For the building and keeping in repair of the sumptuous monuments then erected a great system of administration must have been devised, and Thebes, like modern London, must have had its "district-surveyors."[167]

So far as we can tell there was a chief architect, or superintendent general of buildings, for the whole kingdom; his title was Overseer of the buildings of Upper and Lower Egypt.[168] For how many scribes and draughtsmen must the offices of Bakenkhonsou or of Semnat, the favourite architect of the great regent Hatasu, have found employment?[169]

Who would not like to know the course of study by which the ancient Egyptian builders prepared themselves for the great public enterprises which were always going on in their country?

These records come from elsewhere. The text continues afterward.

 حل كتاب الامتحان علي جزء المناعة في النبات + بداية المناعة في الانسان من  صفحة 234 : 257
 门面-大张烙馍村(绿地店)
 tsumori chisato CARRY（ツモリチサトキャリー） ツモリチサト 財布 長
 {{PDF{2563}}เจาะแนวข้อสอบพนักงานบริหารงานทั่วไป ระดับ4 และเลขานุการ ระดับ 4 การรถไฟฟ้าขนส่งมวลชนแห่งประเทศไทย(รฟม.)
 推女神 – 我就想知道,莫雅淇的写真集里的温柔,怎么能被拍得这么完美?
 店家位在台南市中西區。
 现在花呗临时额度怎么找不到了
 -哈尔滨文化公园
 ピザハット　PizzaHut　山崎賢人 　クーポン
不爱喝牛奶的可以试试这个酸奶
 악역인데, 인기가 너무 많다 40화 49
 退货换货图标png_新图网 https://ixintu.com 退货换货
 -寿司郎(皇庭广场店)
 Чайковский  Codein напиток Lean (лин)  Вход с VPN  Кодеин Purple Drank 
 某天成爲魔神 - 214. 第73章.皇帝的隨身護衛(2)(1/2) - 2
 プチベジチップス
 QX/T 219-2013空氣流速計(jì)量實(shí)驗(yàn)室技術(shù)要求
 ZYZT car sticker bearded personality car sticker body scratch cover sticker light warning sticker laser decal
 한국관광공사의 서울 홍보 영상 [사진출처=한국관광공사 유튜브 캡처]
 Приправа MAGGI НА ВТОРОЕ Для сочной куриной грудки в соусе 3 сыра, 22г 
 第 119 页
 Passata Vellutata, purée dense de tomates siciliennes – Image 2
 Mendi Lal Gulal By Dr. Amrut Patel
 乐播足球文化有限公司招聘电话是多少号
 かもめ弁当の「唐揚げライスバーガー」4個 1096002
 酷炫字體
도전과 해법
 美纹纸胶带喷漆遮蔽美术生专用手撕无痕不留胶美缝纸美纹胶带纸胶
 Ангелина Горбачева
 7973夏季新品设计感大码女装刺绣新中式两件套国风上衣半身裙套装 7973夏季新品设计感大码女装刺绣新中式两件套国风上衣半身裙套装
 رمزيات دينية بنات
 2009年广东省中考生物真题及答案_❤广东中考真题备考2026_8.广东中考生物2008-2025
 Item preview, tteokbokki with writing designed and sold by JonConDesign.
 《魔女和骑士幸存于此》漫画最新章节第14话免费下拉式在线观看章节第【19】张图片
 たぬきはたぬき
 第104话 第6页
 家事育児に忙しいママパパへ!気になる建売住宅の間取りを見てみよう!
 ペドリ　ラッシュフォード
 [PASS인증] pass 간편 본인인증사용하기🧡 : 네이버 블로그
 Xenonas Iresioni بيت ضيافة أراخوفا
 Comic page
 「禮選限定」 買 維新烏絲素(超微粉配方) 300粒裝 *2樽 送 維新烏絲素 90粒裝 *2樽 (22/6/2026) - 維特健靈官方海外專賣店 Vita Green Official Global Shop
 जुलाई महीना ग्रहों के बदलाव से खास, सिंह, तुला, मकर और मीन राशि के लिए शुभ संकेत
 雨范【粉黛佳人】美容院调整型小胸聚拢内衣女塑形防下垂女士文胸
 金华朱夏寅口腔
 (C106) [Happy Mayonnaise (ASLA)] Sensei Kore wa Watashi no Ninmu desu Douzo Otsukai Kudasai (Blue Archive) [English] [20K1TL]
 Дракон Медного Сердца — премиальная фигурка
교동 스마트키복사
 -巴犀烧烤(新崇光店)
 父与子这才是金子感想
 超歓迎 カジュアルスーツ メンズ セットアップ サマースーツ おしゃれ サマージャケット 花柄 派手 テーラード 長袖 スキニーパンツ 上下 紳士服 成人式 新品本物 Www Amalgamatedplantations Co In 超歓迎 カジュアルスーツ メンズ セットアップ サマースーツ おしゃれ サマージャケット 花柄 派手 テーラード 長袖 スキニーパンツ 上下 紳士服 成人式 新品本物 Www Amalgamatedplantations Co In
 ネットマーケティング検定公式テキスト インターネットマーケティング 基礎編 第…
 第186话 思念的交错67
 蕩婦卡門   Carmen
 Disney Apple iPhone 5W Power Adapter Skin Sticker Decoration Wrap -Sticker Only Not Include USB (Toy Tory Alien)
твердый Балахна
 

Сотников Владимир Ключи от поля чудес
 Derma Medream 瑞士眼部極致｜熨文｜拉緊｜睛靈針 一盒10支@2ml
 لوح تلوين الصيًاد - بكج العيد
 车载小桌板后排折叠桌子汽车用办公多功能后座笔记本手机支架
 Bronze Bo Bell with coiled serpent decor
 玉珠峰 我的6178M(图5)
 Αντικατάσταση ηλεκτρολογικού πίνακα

We may admit that the methods employed by their engineers were much more primitive than it has been the fashion to suppose, we may prove that their structures were far from possessing the accuracy of plan that distinguishes ours, but yet we cannot deny that those who transported and raised the obelisks and colossal statues, and those who constructed the hypostyle hall of Karnak, or even the pyramids of Gizeh, must have learnt their trade. How and where they learnt it we do not know. It is probable that they learnt it by practice under a master. Theory cannot have held any great part in their teaching. Their system must have been composed of a collection of processes and receipts which grew in number as the centuries passed away. There is nothing in the texts to show that these receipts were the property of any close corporation, but heredity is sure to have played an important part and to have made them, to some extent, the property of a class. Architects were generally the sons of architects. Brugsch has given us one genealogical table in which the profession descended from father to son for twenty-two generations. By help of the inscriptions he traced the family in question from the time of Seti I. to that of Darius the son of Hystaspes. But even then he may not have tracked the stream to its source. The rule and compass may have entered that family long before the time of Seti; their use may also have continued long after the Persian kings had been driven from Egypt.


[CHAPTER III.]

Sculpture.

§ 1. The Origin of Statue-making.

The art of imitating living forms by means of sculpture was no less ancient in Egypt than architecture. We do not mean to say that it already existed in those remote ages when the first ancestors of the Egyptian people built their mud cabins upon the banks of the Nile; but as soon as their dwellings became something more than mere shelters and began to be affected by the desire for beauty, the figures of men and animals took a considerable place in their decoration. The oldest mastabas that have been discovered have bas-reliefs upon their walls and statues in their mummy-pits.